▸ Information shown:
┄┄┄┄┄┄┄┄┄┄
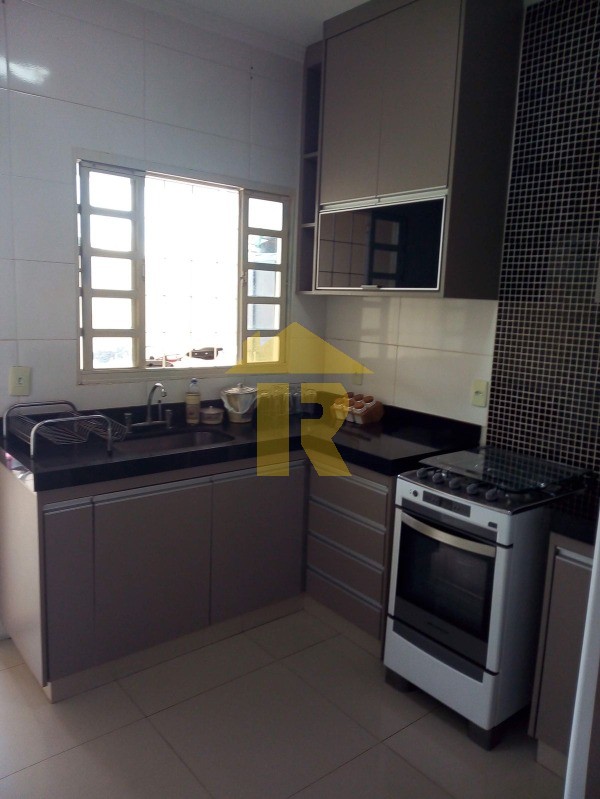 Casa com 3 quartos à venda, 100m² — foto 29 de 31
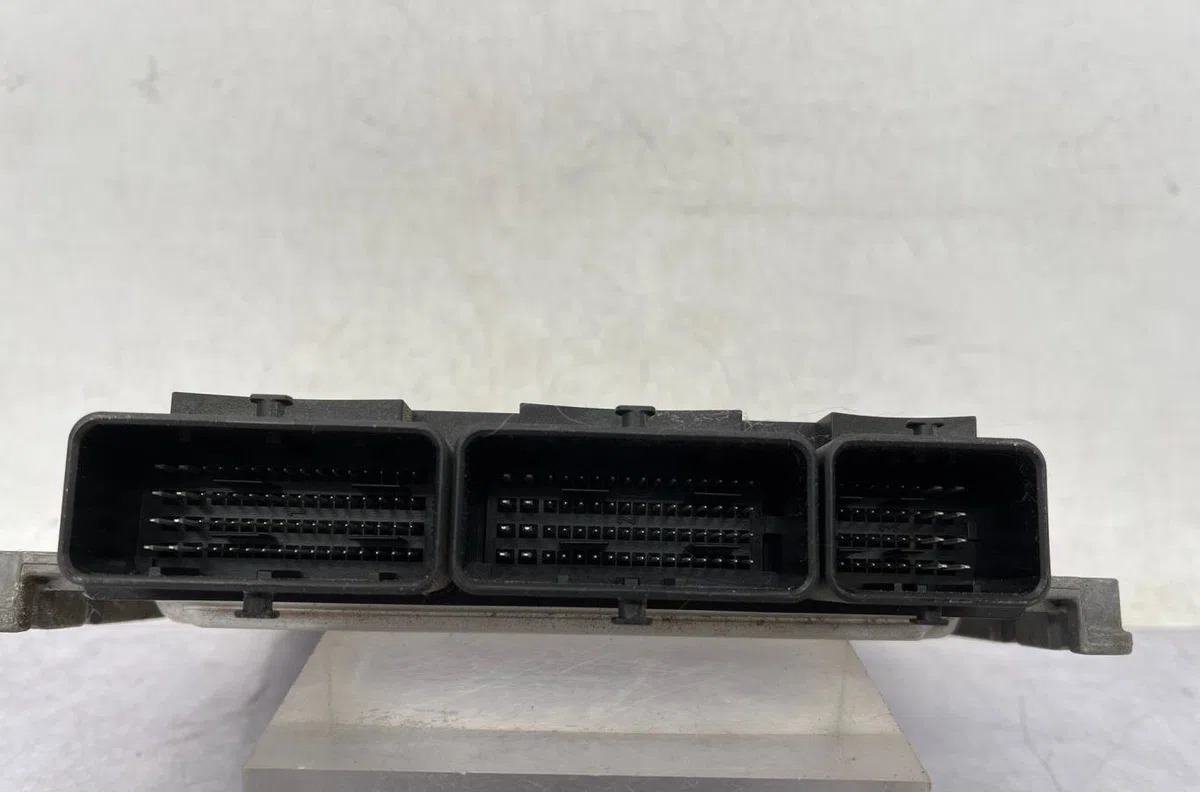 Calculateur moteur RENAULT CLIO 4 PHASE 1 BREAK occasion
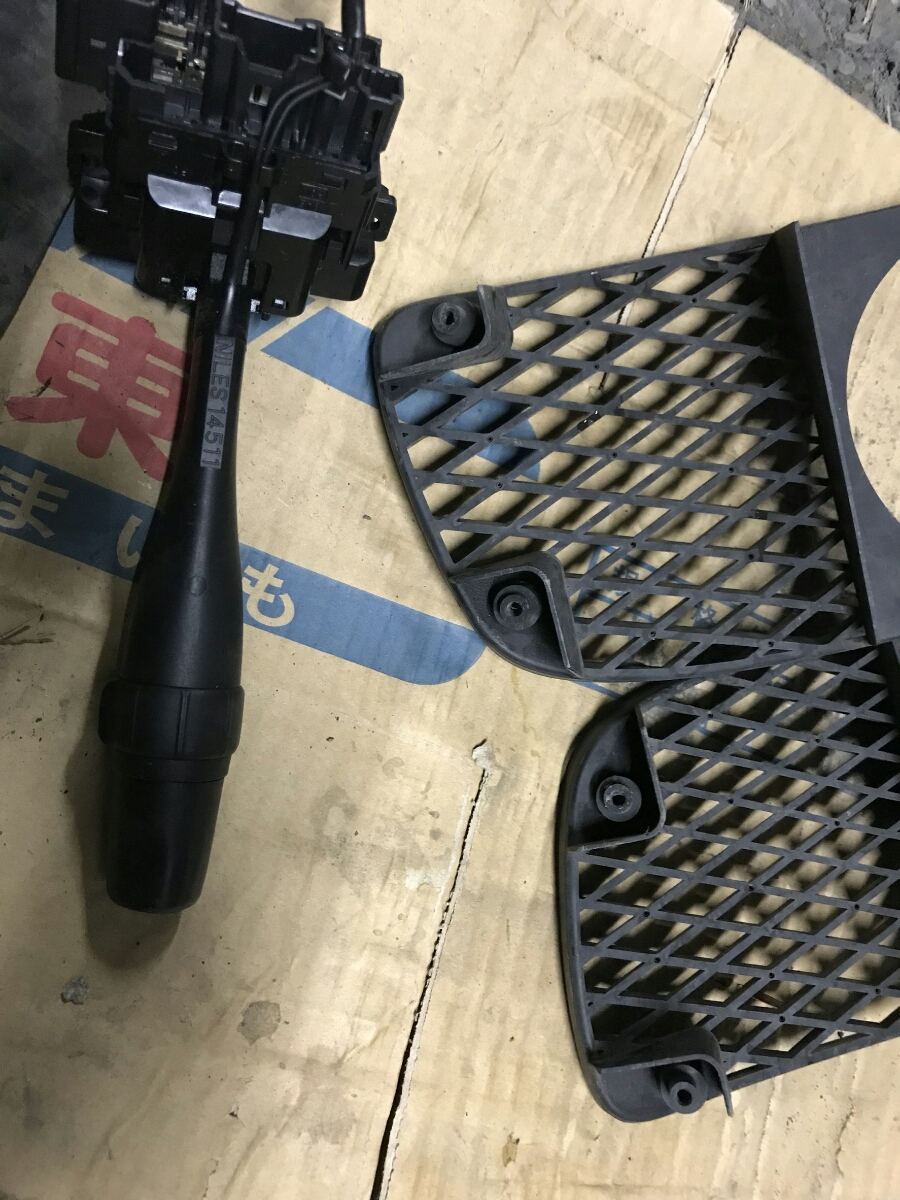 希少 S15 シルビア 純正オプションバンパー用 フォグランプカバー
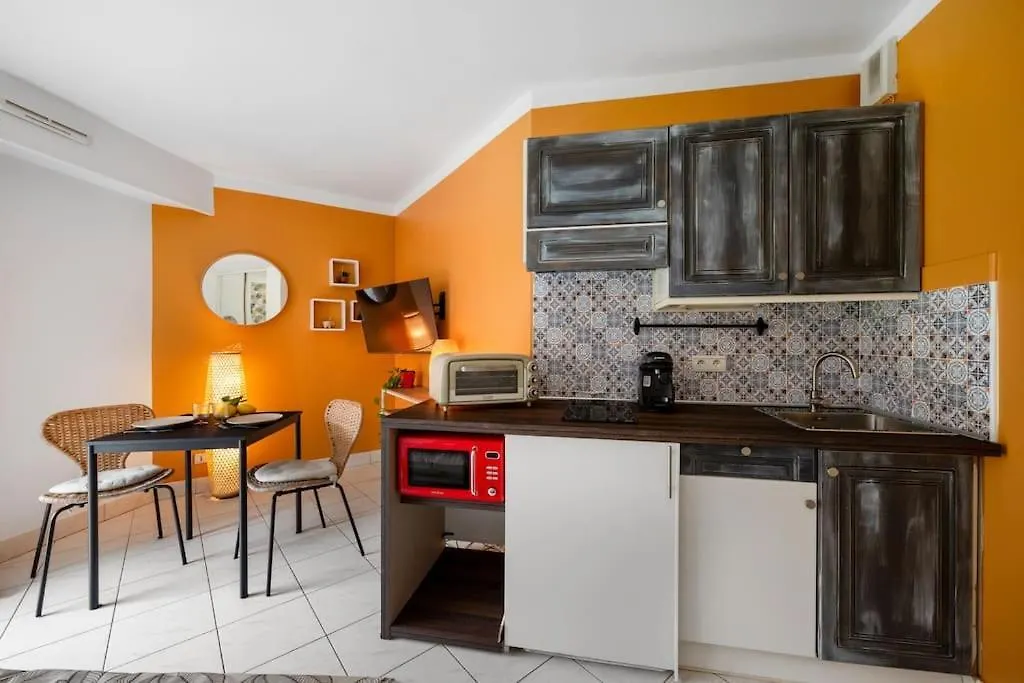 Victoria Beach - Charmant Studio Hyper Centre Ville De Menton - Mer Au Pied De L'Immeuble Apartment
┄┄┄┄┄┄┄┄┄┄
▸ Task: Retype all the data exactly. Omit pictures.

▸ Response for this exercise:
 Casa com 3 quartos à venda, 100m² — foto 29 de 31
 Calculateur moteur RENAULT CLIO 4 PHASE 1 BREAK occasion
 希少 S15 シルビア 純正オプションバンパー用 フォグランプカバー
 Victoria Beach - Charmant Studio Hyper Centre Ville De Menton - Mer Au Pied De L'Immeuble Apartment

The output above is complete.